■ Dataset entries ■
BEGIN

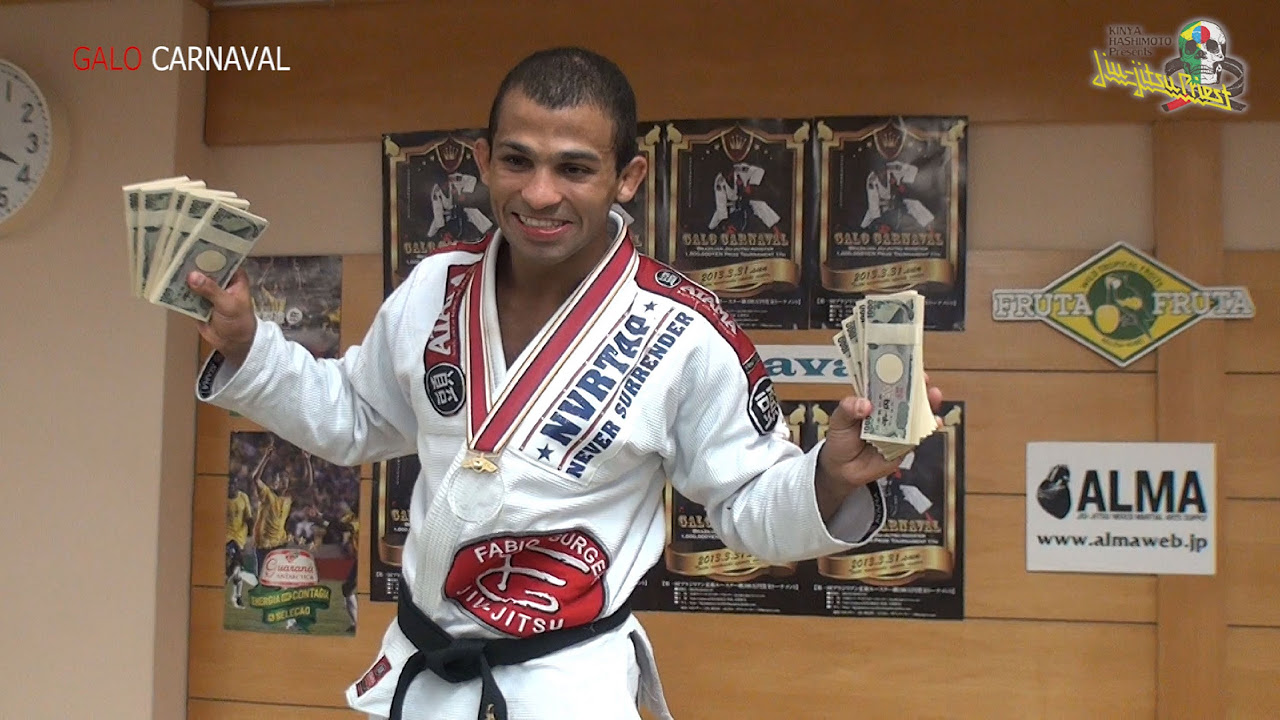 Bruno Malfacine 柔術 DVD BJJ Bruno Malfacine DVD: How To Beat Bigger Guys: Guard - BJJ World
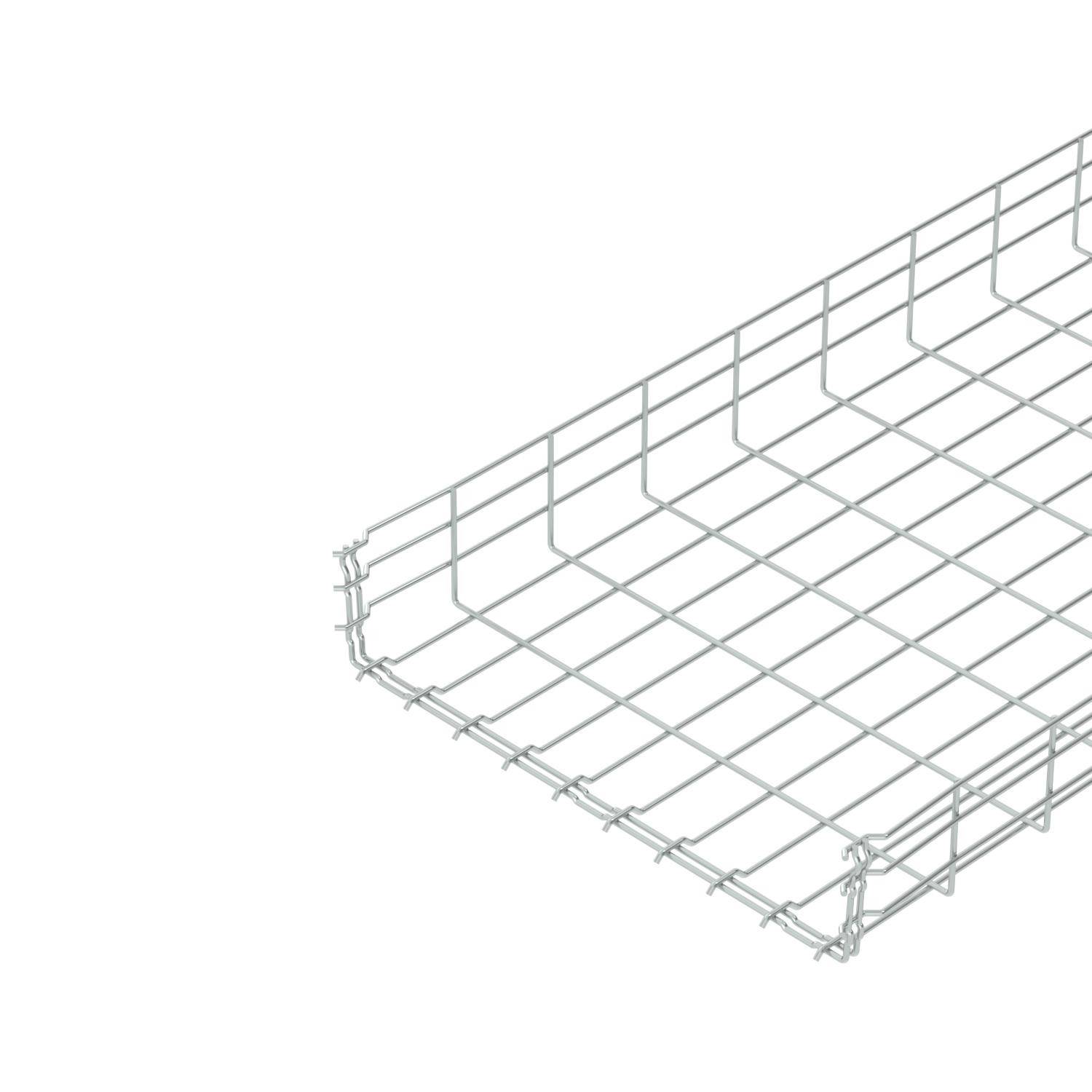Drahtkorb in rechteckiger Form, ideal zur Organisation oder Aufbewahrung von Gegenständen in einem Raum oder einem Schrank.
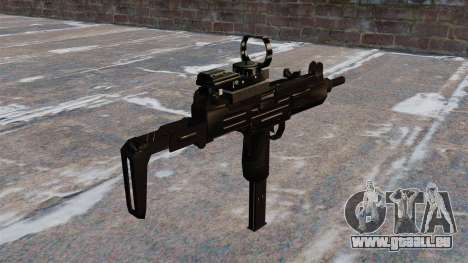 Maschinenpistole Uzi Tactical für GTA 4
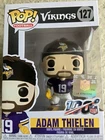 Funko Pop! Football #127: Adam Thielen ~ Minnesota Vikings ~ NFL Vaulted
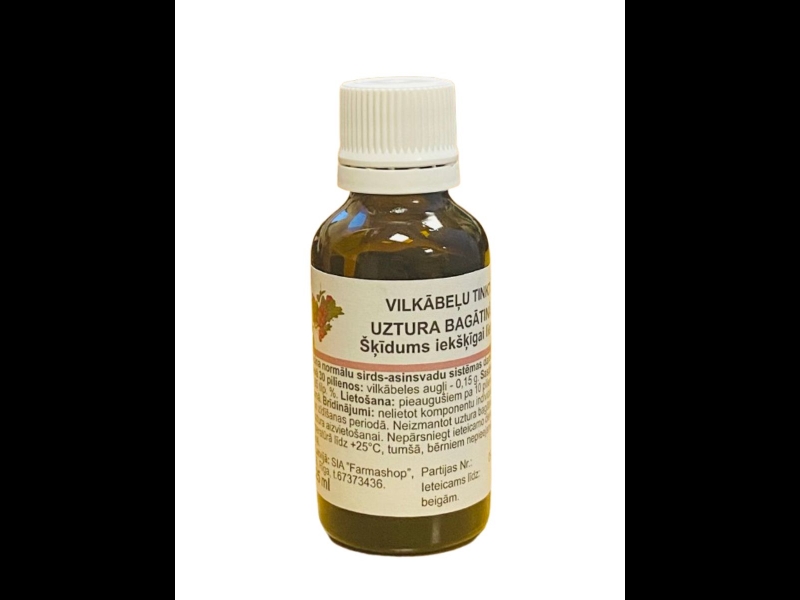Vilkābeļu tinktūra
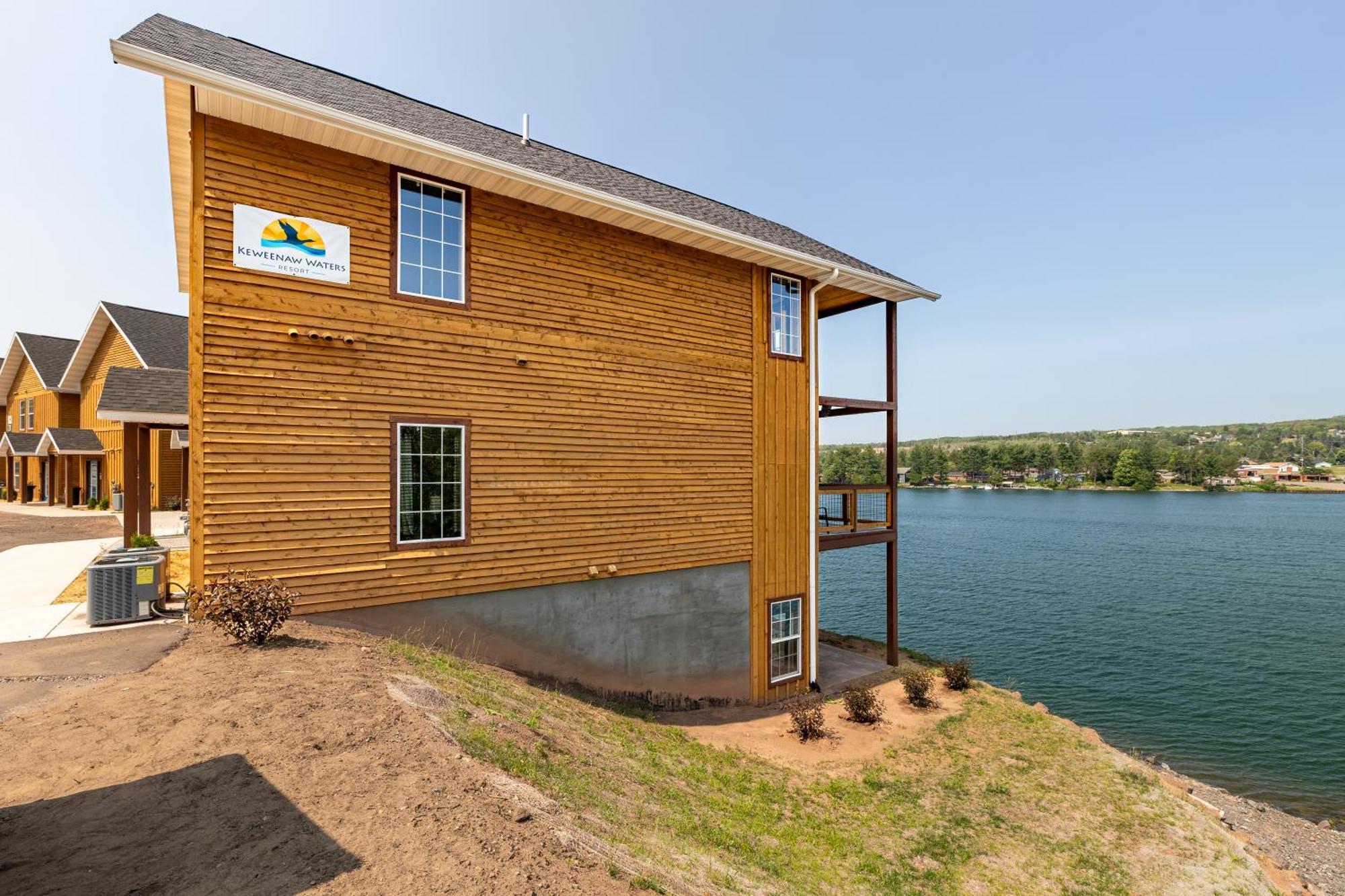 Keweenaw Waters Resort Гоутон Екстер'єр фото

END

■ Task goal ■
A verbatim copy of every entry above, with no pictures, is the expected output.

■ Reply to the task ■
 Bruno Malfacine 柔術 DVD BJJ Bruno Malfacine DVD: How To Beat Bigger Guys: Guard - BJJ World
Drahtkorb in rechteckiger Form, ideal zur Organisation oder Aufbewahrung von Gegenständen in einem Raum oder einem Schrank.
 Maschinenpistole Uzi Tactical für GTA 4
 Funko Pop! Football #127: Adam Thielen ~ Minnesota Vikings ~ NFL Vaulted
Vilkābeļu tinktūra
 Keweenaw Waters Resort Гоутон Екстер'єр фото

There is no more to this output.